The two central CIA guys shown here are just blithely, almost amusingly loathsome; and the depictions of their brutal techniques may be hard to stomach. This is part and parcel with the film’s unrelenting approach, as we’re shown the investigation in drawn-out, scrupulous detail. To wit, The Report is thorough to an extent that becomes kind of metatextual: its craft reflects the painstaking, often-difficult process Daniel J. Jones went through to create and publicise this incredibly important document. Where a lesser film would opt for grandiose, emotional sermonising on moral responsibility, The Report is cool-headed and by-the-book. Last month Human Rights First presented the film with the 2019 Sidney Lumet Award for Integrity in Entertainment, and Driver has spoken in interviews of how writer-director Scott Z. Burns was incredibly careful to depict only facts and events that are undisputed: the entire movie is effectively fact-check proof. 
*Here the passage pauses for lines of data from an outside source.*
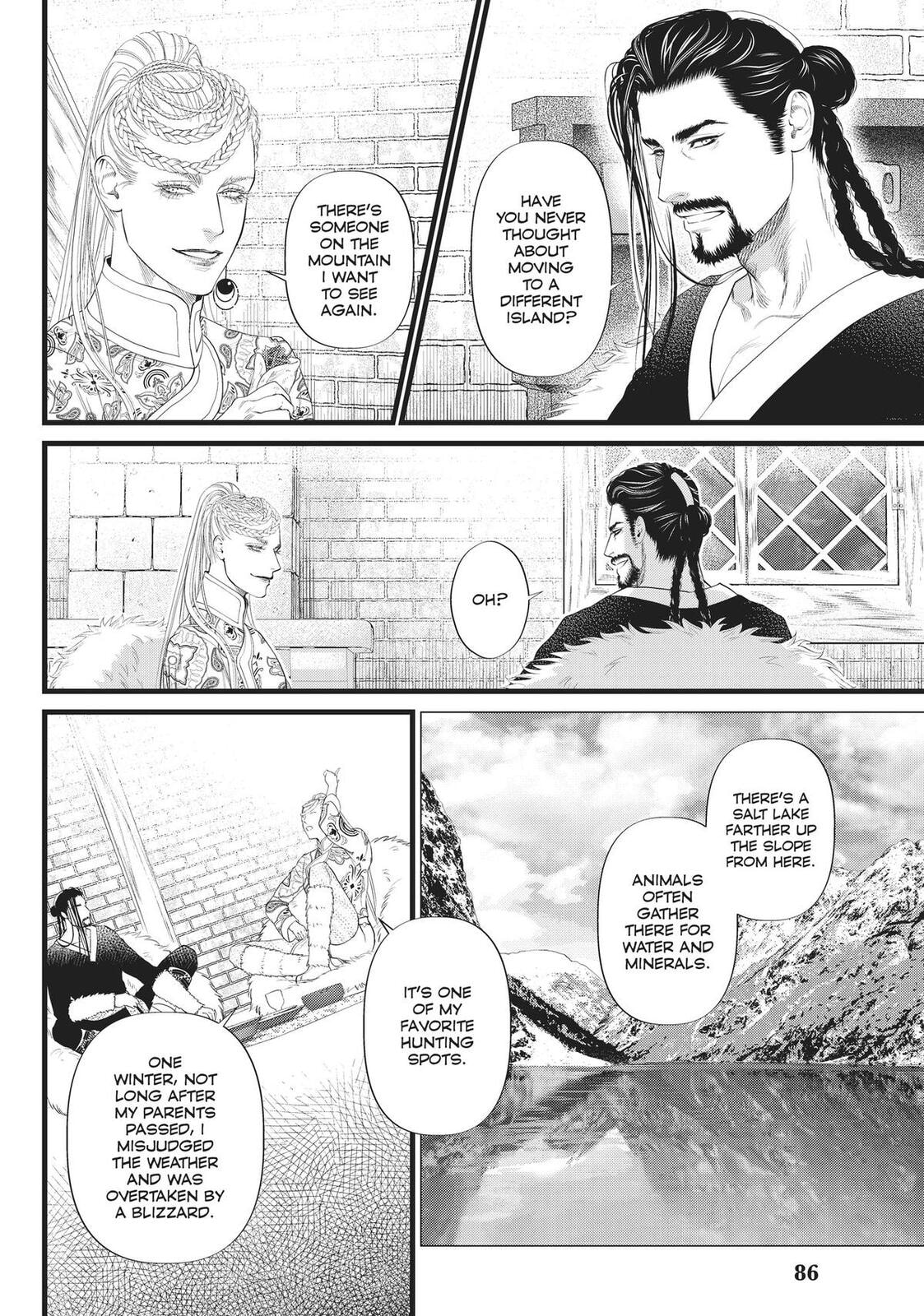 Dick Fight Island Chapter 0 page 87 - 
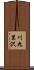 川九里沢 Scroll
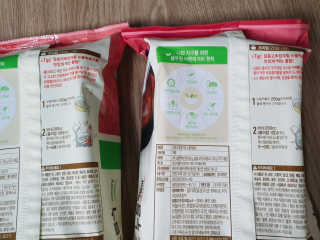 뚜디니님이 올린 리뷰 사진 2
With this in mind, it’s pretty damning. The film comes out predictably tough on the Bush administration that oversaw the implementation of Enhanced Interrogation, but it’s in the years of Obama’s presidency, when Jones starts to push for the publicisation of the report, that its criticism becomes more nuanced – and more fascinating. Driver is in reliably excellent form here, portraying an incredibly dedicated man who faces constant frustration of his effort, as Jones is repeatedly denied the ability to make his work public. The White House, Burns shows us, was reluctant to come out guns blazing with an uncomfortable critique of American defence operations – it faced an inherited recession, a Congress that quickly became hostile, and a permanent target on the back of its president.

But the film, despite its considerable patience for investigative rigour, has little to spare for political considerations. Hard truths are necessary truths. The Report presents an almost total failure of American Due Process to prevent, punish, and even just expose the misuse of power by the most formidable and dominant military force in human history. In the recovery from this dark moment, it asks ‘what do we want to be?’ (literally, unfortunately: these words appear in voiceover as we see Jon Hamm stare contemplatively out of a window). A summarised, declassified version of Jones’ report is available to the public to read – this film, however, will undoubtedly be the more public account of his investigation. It’s slow, and at times less than artful – ultimately, though, it’s worthy of the responsibility.

‘The Report’ opens in Australian cinemas from November 14th.